To borrow a term from esports, the Wildcats defense carried quite often last year. They finished 9th among FBS teams in allowing 4.43 yards per play and 19th overall with 19.5 points per game allowed while picking up 25 sacks and 18 takeaways, but co-defensive coordinators Grant Duff and Joe Dale have some reloading to do, especially up front, to maintain that caliber of performance.
With Jared Schiess, Connor Mortensen, and George Tarlas having moved on, Weber State will somehow have to replace their three biggest disruptors up front. The good news is that others like Doug Schiess (22 tackles, 4.5 tackles for loss), Jared’s brother, and Winston Reid (36 tackles, three TFLs, two forced fumbles) could take on more snaps in their stead.

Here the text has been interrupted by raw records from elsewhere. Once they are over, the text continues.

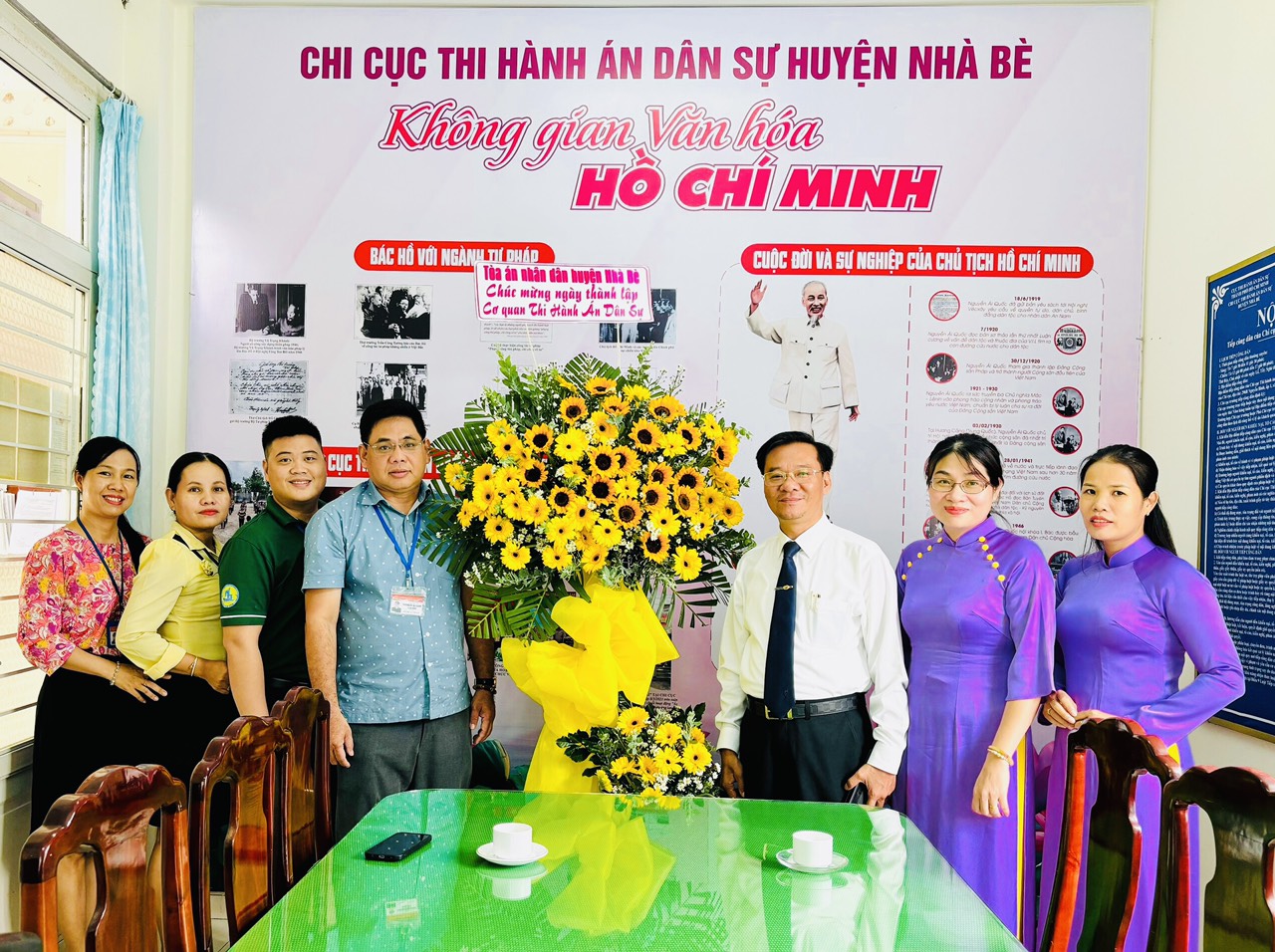 Phó Bí thư huyện Uỷ - Chủ tịch UBND huyện Nhà Bè chúc mừng Chi cục THADS nhân dịp Ngày truyền thống 19/7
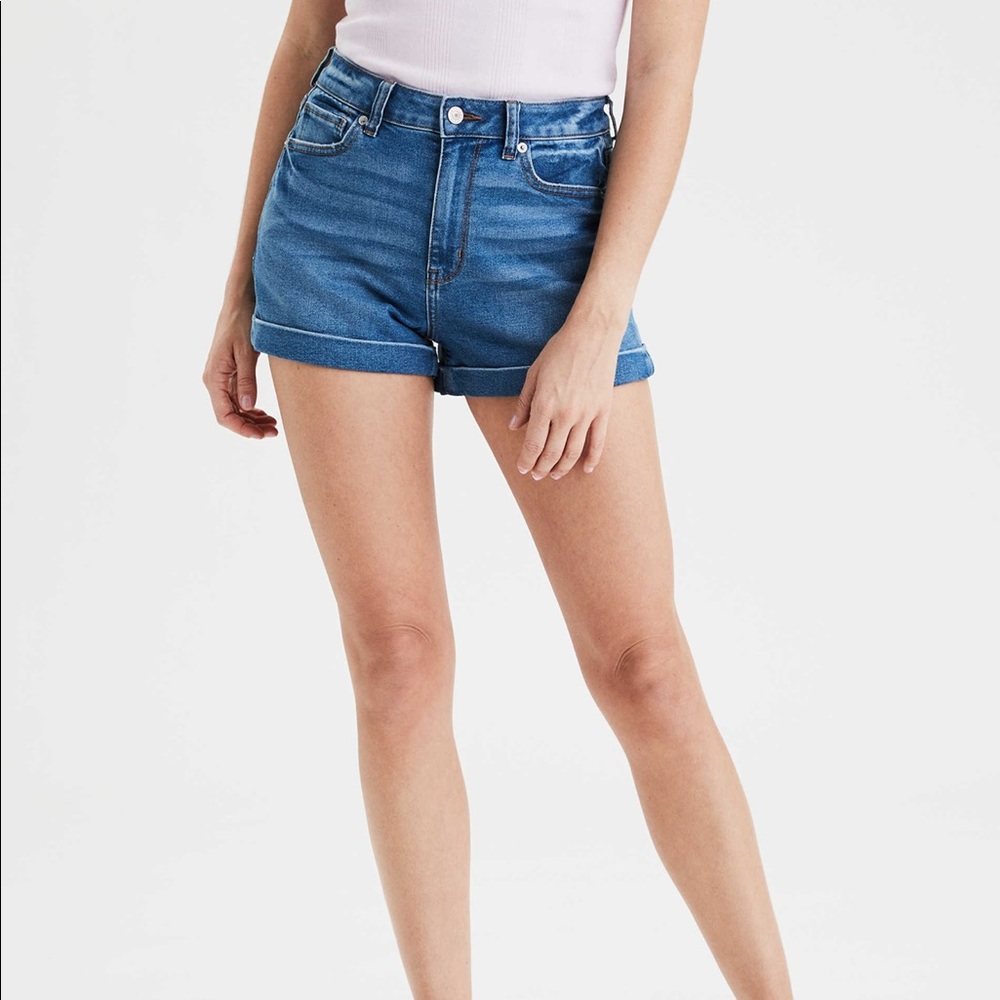 NEW WITH TAG American Eagle Mom shorts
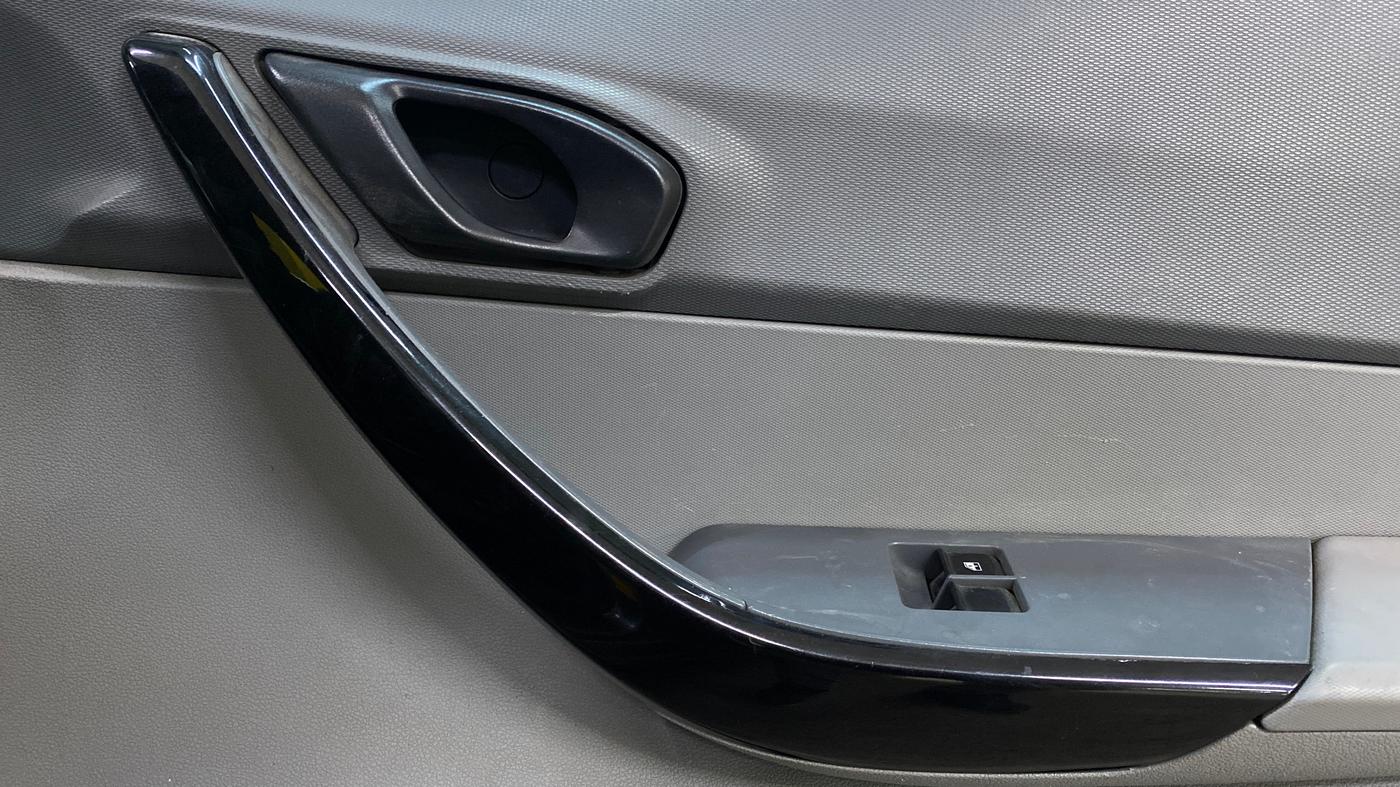 2020 Tata TIGOR XE PETROL, Petrol, Manual, 67,170 km, Driver Side Door Panels Control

In the secondary, one big task is finding a replacement for three-time all-conference safety Preston Smith, though incumbents like Braxton Gunther, formerly of Utah State, and senior cornerback Marque Collins (18 tackles, five pass breakups, one INT) return to provide veteran leadership.
The Wildcats defense could help them hang around much longer than anyone in Logan would expect, especially if the Aggies get off to one of the slow starts that defined the early part of last season, but it’s hard to imagine they’ll put the clamps on Logan Bonner and company for a full sixty minutes and it’s doubtful they’ll have the offense to keep up once Utah State breaks through.